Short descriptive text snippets
==============================
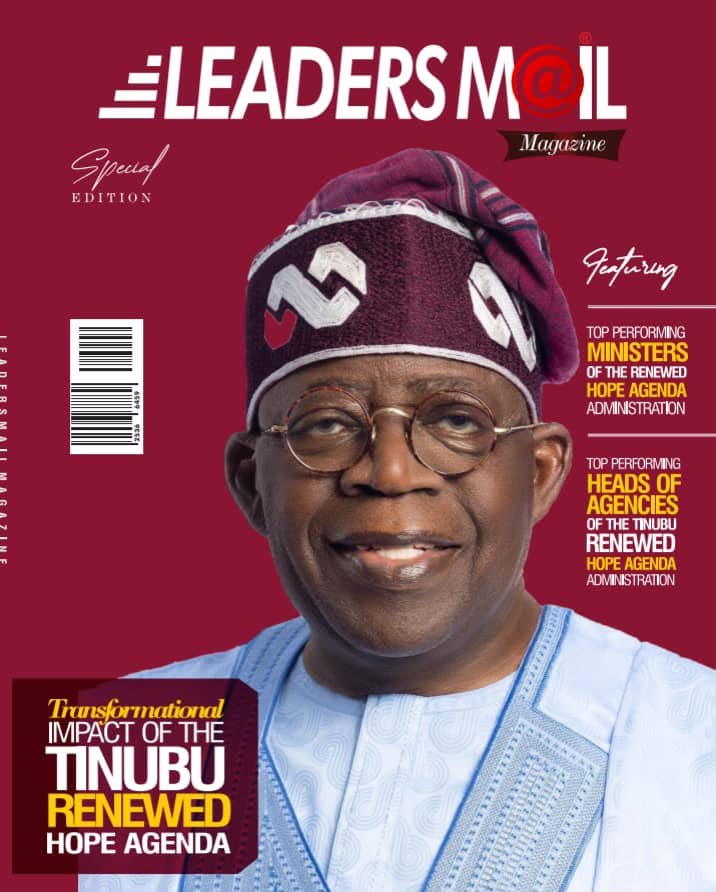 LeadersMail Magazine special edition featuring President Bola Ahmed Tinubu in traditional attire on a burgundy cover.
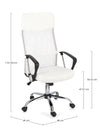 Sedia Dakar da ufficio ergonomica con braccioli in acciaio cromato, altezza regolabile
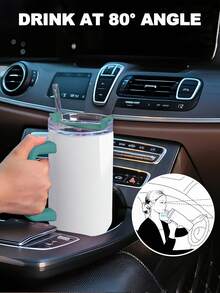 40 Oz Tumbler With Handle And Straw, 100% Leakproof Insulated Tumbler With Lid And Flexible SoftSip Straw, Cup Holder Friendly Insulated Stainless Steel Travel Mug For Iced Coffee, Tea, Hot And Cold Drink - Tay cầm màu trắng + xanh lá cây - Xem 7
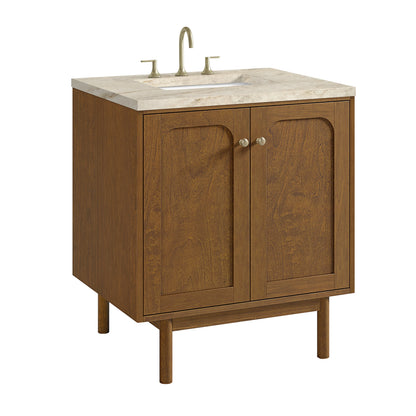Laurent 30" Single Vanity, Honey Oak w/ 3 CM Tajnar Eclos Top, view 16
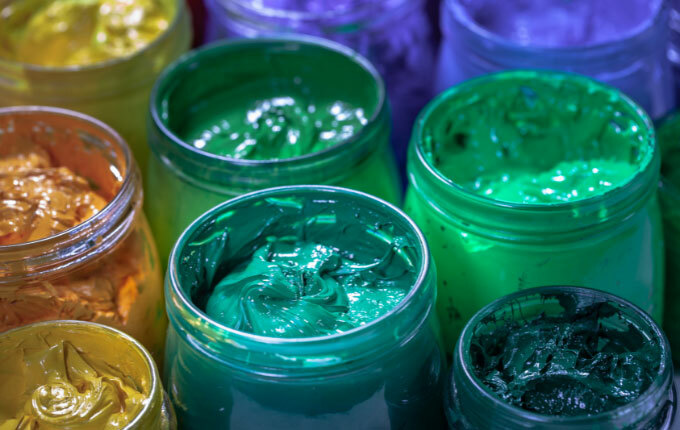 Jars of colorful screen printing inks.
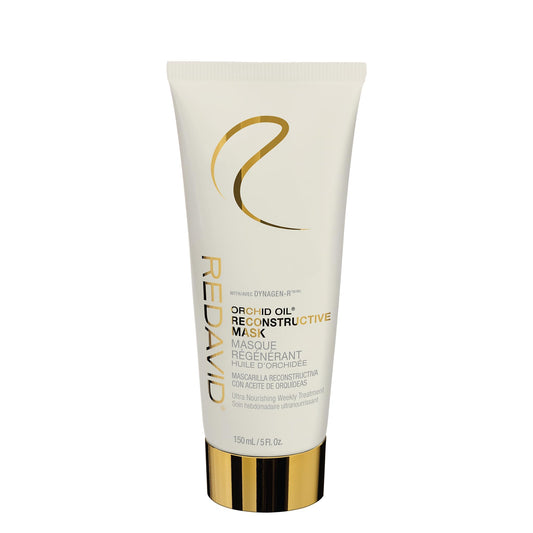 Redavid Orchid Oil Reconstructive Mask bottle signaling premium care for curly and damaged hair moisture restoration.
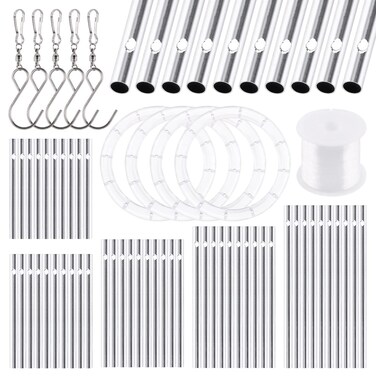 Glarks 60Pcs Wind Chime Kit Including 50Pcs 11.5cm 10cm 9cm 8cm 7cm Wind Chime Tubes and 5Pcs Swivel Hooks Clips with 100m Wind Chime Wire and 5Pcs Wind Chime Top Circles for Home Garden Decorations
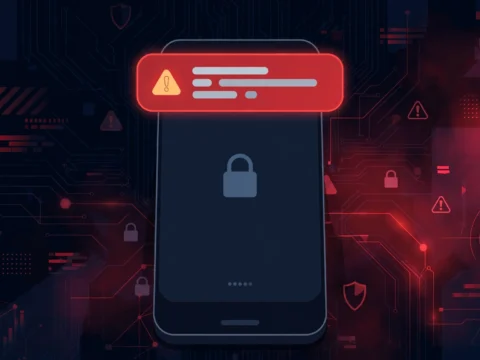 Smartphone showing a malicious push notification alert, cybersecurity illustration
==============================
Required work:
Above are the records; repeat them exactly, omitting every picture.

Exercise output:
 LeadersMail Magazine special edition featuring President Bola Ahmed Tinubu in traditional attire on a burgundy cover.
 Sedia Dakar da ufficio ergonomica con braccioli in acciaio cromato, altezza regolabile
 40 Oz Tumbler With Handle And Straw, 100% Leakproof Insulated Tumbler With Lid And Flexible SoftSip Straw, Cup Holder Friendly Insulated Stainless Steel Travel Mug For Iced Coffee, Tea, Hot And Cold Drink - Tay cầm màu trắng + xanh lá cây - Xem 7
Laurent 30" Single Vanity, Honey Oak w/ 3 CM Tajnar Eclos Top, view 16
 Jars of colorful screen printing inks.
 Redavid Orchid Oil Reconstructive Mask bottle signaling premium care for curly and damaged hair moisture restoration.
 Glarks 60Pcs Wind Chime Kit Including 50Pcs 11.5cm 10cm 9cm 8cm 7cm Wind Chime Tubes and 5Pcs Swivel Hooks Clips with 100m Wind Chime Wire and 5Pcs Wind Chime Top Circles for Home Garden Decorations
 Smartphone showing a malicious push notification alert, cybersecurity illustration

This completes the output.